» **YOUR INSTRUCTIONS**
Where an image appears in the data, omit it and reproduce the rest exactly.

*** PROVIDED MATERIAL Section Begins ***

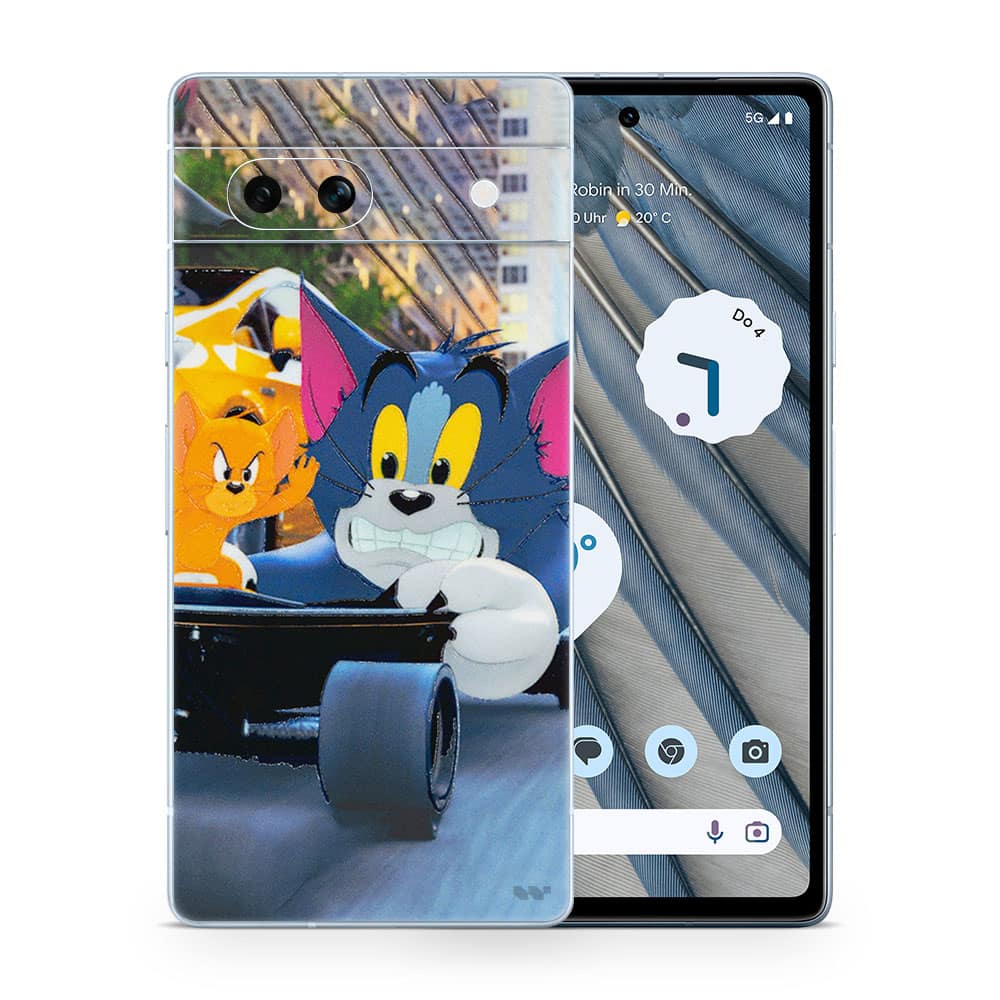 Pixel 7a tom and jerry 3d skin wrapitskin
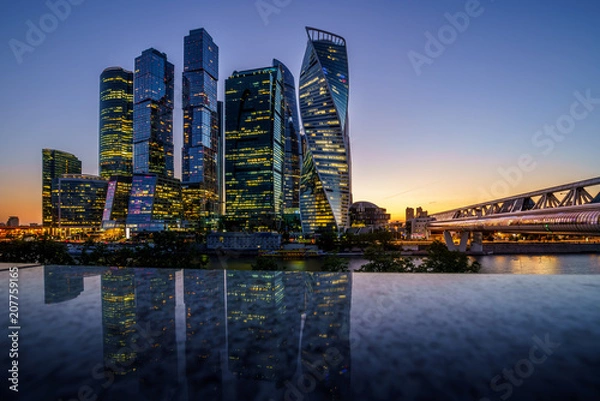 Obraz Moscow City sunset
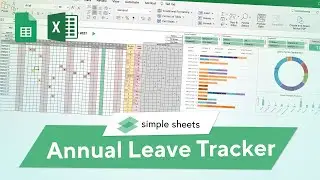 DYNAMIC ANNUAL LEAVE TRACKER Template 📆 for Excel & Google Sheets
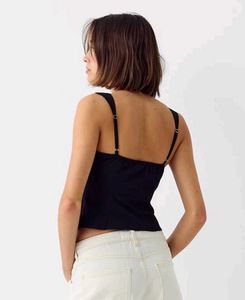 Chic Black Corset Top with Bow Detail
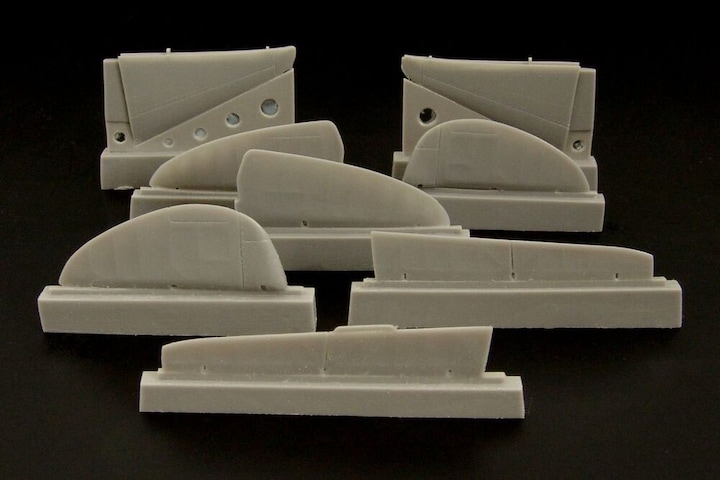Produktbild Brengun MiG 3 control surfaces (ICM and ALANGER kit)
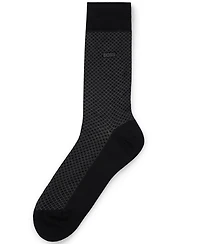 Boss by Hugo Men's Regular-Length Patterned Socks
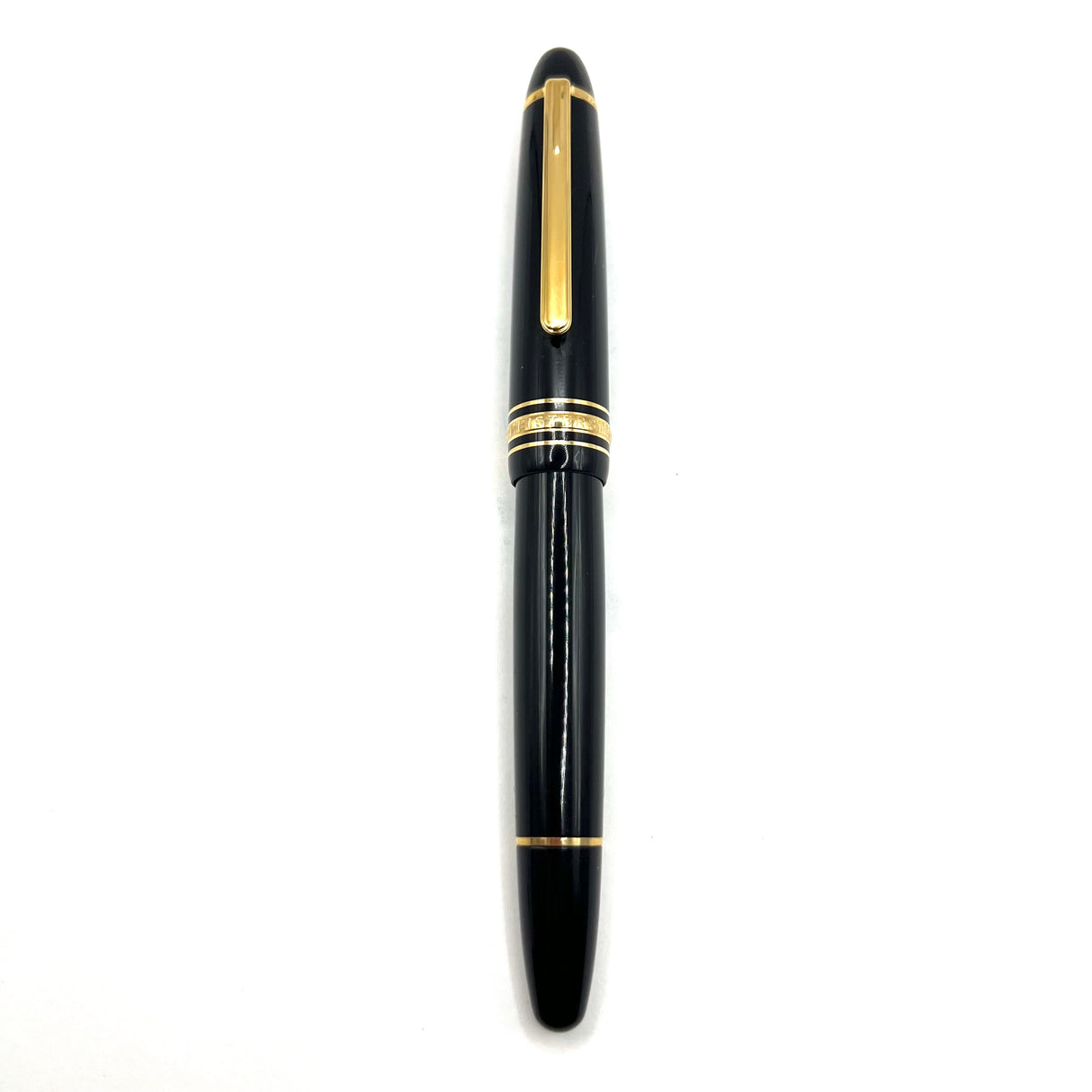 Montblanc #147 Traveler Black Resin LeGrand Meisterstuck Fountain Pen -  Broad Oblique (Profile of Left Foot) 18kt Gold Nib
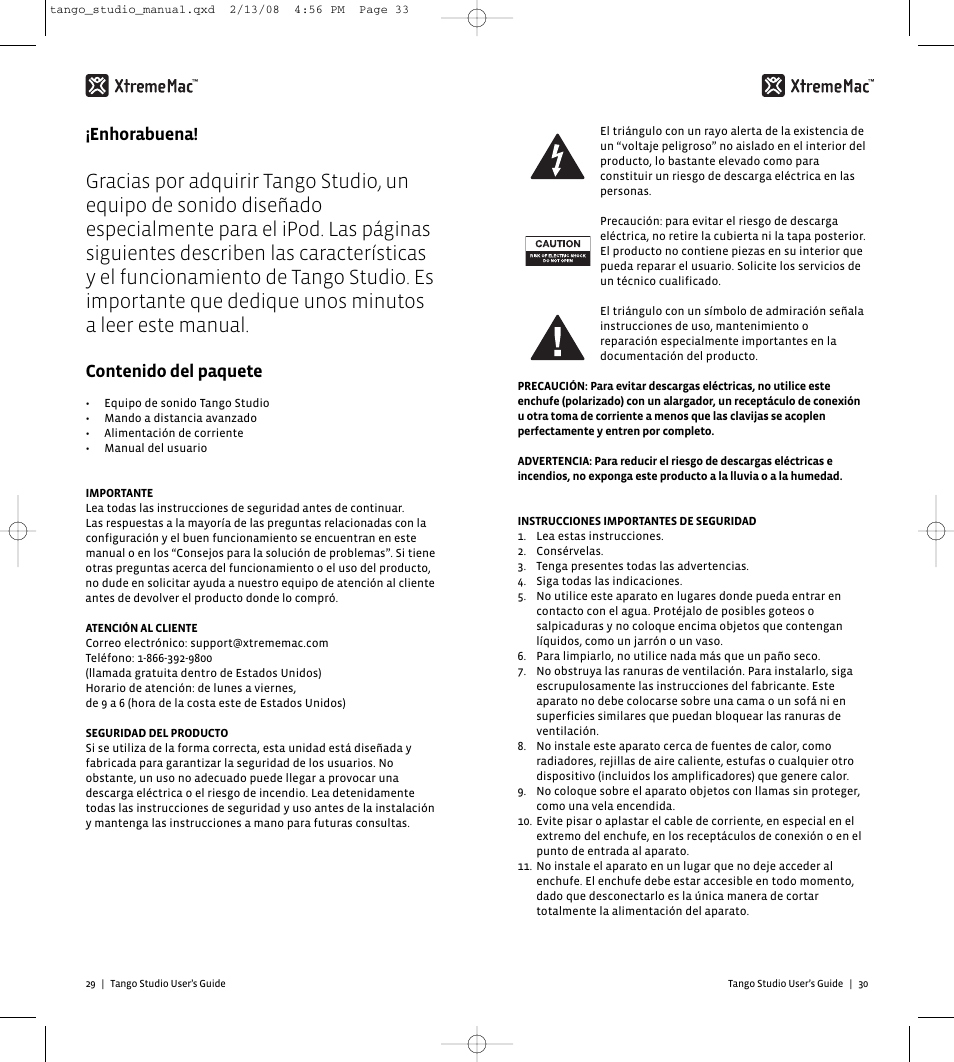 XtremeMac Tango Studio 10182007 User Manual | Page 17 / 20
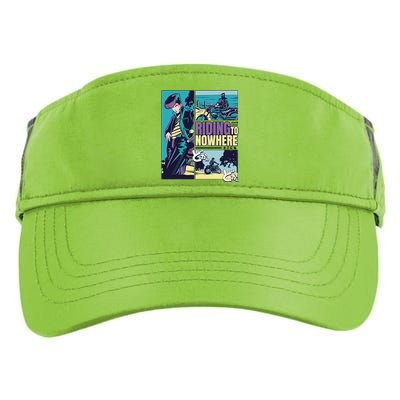 Riding Nowhere Anime Adult Drive Performance Visor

*** PROVIDED MATERIAL Section Ends ***

» **WRITTEN RESPONSE**
 Pixel 7a tom and jerry 3d skin wrapitskin
 Obraz Moscow City sunset
 DYNAMIC ANNUAL LEAVE TRACKER Template 📆 for Excel & Google Sheets
 Chic Black Corset Top with Bow Detail
Produktbild Brengun MiG 3 control surfaces (ICM and ALANGER kit)
 Boss by Hugo Men's Regular-Length Patterned Socks
 Montblanc #147 Traveler Black Resin LeGrand Meisterstuck Fountain Pen -  Broad Oblique (Profile of Left Foot) 18kt Gold Nib
 XtremeMac Tango Studio 10182007 User Manual | Page 17 / 20
 Riding Nowhere Anime Adult Drive Performance Visor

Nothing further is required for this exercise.